Dear Business Owners,
Did you know that over 45,000 companies have filed for bankruptcy in the past 3 years? That’s a lot of people and a lot of businesses.
One reason for this is because the economy has been hit hard by the 2008 recession;
however, another major cause is that many businesses operated as small family-owned entities,
and at some point there was not enough money to keep it going.
There are no easy solutions to this problem; however, there are ways to protect your business from bankruptcy if you’re willing to try something new.
One way to solve these problems is to make your business more like a corporation;
this gives you the option to protect yourself from bankruptcy, but it eliminates some of the flexibility that makes your business unique.

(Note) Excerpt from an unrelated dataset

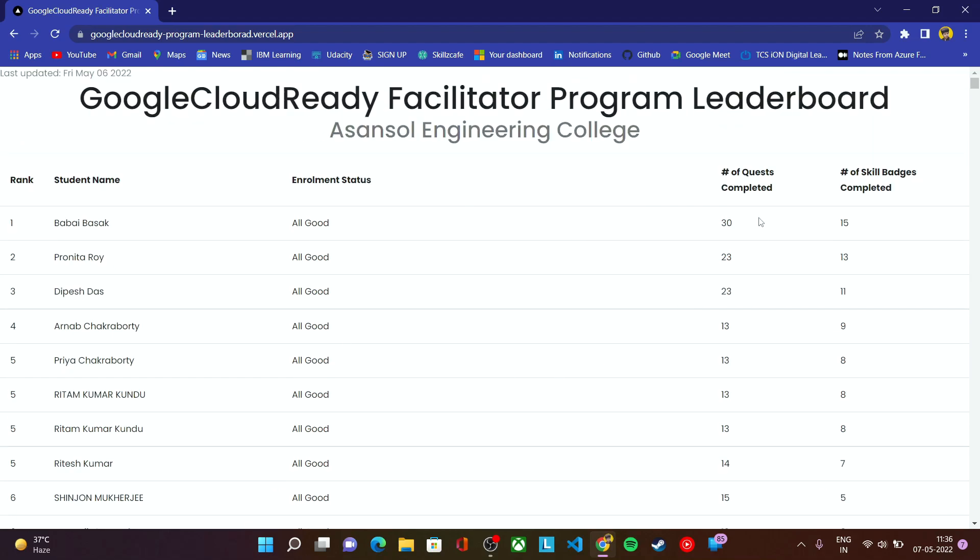This is the progress report for this program and every day we update this progress report at 5pm. After 5pm you can check the latest report every day. If you are completing any lab or quest, it might take one day to show here in the website. Make sure to wait for at least one day to check your latest report.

There are different reasons for incorporating your business, but here are some common benefits to incorporating your company:
Eliminate Ownership Taxation
As an individual, you will pay 15% of the value of every stock you own (this is known as “taxation” or “excise tax”)
which can actually be quite staggering if you own several businesses.
It is also important to note that if you sell your business or if that business goes bankrupt, you must pay taxes on the amount you made from the sale.
Let’s say your business is worth $10 million and you receive $5 million in proceeds from the sale.
You will need to pay $1.5 million in taxes.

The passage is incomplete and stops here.